▶ _Task item_
Please write out, exactly as given, every line of the entries below up to and including the line with "父母惨死在我们婚礼当天茜茜霍明珩完结版全章节阅读".

Data in this exercise below:

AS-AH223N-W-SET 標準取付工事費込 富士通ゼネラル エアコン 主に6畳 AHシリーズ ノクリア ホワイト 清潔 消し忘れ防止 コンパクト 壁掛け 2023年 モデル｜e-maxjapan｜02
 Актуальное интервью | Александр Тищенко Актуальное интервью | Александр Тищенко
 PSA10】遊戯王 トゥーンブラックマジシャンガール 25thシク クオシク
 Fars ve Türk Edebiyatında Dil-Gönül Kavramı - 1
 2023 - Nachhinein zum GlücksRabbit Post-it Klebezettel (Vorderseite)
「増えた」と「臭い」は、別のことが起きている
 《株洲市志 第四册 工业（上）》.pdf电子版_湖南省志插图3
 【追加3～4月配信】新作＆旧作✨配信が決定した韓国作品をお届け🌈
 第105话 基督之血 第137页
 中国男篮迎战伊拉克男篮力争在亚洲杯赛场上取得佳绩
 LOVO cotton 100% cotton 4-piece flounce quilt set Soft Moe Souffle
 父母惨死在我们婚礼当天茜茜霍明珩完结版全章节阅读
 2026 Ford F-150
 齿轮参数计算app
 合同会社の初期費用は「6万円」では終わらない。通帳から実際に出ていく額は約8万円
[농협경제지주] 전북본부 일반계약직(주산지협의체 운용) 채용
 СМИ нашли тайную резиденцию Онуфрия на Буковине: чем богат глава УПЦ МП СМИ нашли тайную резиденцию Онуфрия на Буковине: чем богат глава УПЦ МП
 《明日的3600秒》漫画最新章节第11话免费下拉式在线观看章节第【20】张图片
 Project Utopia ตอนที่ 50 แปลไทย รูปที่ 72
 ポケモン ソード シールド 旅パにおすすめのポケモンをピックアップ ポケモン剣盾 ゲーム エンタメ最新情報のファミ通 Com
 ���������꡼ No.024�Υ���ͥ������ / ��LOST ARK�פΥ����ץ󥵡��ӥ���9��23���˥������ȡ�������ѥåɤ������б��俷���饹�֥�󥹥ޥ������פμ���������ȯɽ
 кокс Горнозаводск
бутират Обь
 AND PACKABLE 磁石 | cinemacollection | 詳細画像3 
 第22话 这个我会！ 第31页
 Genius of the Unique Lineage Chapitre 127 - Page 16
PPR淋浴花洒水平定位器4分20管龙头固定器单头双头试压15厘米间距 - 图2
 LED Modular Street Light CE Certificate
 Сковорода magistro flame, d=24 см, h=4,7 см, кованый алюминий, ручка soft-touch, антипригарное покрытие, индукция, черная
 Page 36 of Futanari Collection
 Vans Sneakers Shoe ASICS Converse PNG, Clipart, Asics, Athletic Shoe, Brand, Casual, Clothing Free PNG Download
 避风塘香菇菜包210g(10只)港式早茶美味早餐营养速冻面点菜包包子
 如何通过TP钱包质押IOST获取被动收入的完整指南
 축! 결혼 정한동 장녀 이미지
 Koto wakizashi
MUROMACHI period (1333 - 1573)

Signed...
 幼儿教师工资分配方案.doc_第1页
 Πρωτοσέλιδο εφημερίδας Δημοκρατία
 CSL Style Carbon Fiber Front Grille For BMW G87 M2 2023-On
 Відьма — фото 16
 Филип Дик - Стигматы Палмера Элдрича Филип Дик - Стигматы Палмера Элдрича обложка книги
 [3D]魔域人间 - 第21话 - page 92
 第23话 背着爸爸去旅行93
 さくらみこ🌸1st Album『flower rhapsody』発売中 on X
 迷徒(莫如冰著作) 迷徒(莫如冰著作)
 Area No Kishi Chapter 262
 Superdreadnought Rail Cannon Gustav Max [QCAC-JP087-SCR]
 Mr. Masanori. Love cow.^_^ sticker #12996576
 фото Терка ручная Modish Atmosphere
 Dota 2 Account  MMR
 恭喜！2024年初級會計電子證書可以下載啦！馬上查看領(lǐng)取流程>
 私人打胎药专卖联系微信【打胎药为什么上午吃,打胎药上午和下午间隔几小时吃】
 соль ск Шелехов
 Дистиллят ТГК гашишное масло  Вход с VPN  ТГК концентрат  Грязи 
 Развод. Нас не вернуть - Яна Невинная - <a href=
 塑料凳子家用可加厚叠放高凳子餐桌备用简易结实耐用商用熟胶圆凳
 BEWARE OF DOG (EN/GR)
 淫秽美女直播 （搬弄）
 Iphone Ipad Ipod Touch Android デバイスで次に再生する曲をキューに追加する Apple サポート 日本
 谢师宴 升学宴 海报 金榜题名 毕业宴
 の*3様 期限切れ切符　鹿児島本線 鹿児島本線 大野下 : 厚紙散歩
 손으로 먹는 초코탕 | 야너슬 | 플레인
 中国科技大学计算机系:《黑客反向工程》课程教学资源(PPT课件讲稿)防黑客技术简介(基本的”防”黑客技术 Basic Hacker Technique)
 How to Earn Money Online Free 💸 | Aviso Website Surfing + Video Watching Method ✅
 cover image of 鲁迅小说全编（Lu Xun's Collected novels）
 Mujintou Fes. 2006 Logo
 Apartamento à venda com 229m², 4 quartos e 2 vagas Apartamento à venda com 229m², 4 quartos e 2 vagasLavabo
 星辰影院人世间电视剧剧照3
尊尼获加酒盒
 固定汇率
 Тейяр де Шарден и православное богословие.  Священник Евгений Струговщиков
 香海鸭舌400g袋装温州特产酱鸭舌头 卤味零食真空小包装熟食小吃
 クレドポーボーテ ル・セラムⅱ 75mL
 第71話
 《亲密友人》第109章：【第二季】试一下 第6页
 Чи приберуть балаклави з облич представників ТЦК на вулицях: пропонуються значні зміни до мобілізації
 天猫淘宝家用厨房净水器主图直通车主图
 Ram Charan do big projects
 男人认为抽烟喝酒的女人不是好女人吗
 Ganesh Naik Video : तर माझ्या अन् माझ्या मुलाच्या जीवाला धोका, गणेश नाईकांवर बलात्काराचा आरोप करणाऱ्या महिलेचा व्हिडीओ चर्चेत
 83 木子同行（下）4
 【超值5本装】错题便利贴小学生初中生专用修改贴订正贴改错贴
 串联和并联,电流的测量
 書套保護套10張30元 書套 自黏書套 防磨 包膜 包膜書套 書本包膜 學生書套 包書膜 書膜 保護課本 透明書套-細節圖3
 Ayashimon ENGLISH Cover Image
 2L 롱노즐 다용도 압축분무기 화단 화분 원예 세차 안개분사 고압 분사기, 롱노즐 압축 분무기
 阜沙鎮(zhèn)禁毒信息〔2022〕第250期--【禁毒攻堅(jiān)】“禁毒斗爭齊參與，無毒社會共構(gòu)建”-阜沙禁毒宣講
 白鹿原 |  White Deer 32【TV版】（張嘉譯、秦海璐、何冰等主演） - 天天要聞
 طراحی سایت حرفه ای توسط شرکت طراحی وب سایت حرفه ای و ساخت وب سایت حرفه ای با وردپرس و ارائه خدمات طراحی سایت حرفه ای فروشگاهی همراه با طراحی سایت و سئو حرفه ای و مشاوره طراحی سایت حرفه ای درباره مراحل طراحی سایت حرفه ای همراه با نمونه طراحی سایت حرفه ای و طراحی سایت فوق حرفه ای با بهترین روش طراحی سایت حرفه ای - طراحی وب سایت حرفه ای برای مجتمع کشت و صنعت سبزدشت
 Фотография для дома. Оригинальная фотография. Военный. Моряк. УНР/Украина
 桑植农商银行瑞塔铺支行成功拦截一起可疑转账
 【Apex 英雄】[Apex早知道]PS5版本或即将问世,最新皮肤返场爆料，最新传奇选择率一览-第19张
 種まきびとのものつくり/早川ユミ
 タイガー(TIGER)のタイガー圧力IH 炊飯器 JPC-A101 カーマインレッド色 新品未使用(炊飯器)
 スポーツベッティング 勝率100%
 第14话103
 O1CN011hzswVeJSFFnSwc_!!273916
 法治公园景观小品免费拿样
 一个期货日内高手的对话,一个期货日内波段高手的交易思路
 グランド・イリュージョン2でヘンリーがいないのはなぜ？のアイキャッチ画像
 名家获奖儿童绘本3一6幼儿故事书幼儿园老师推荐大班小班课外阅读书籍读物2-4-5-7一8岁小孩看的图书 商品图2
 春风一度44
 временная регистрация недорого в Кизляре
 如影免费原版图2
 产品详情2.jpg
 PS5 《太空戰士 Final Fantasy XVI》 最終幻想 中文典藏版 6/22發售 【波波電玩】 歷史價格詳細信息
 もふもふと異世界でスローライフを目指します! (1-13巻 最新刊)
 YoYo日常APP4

End of Data in this exercise.

▶ _Your solution_
AS-AH223N-W-SET 標準取付工事費込 富士通ゼネラル エアコン 主に6畳 AHシリーズ ノクリア ホワイト 清潔 消し忘れ防止 コンパクト 壁掛け 2023年 モデル｜e-maxjapan｜02
 Актуальное интервью | Александр Тищенко Актуальное интервью | Александр Тищенко
 PSA10】遊戯王 トゥーンブラックマジシャンガール 25thシク クオシク
 Fars ve Türk Edebiyatında Dil-Gönül Kavramı - 1
 2023 - Nachhinein zum GlücksRabbit Post-it Klebezettel (Vorderseite)
「増えた」と「臭い」は、別のことが起きている
 《株洲市志 第四册 工业（上）》.pdf电子版_湖南省志插图3
 【追加3～4月配信】新作＆旧作✨配信が決定した韓国作品をお届け🌈
 第105话 基督之血 第137页
 中国男篮迎战伊拉克男篮力争在亚洲杯赛场上取得佳绩
 LOVO cotton 100% cotton 4-piece flounce quilt set Soft Moe Souffle
 父母惨死在我们婚礼当天茜茜霍明珩完结版全章节阅读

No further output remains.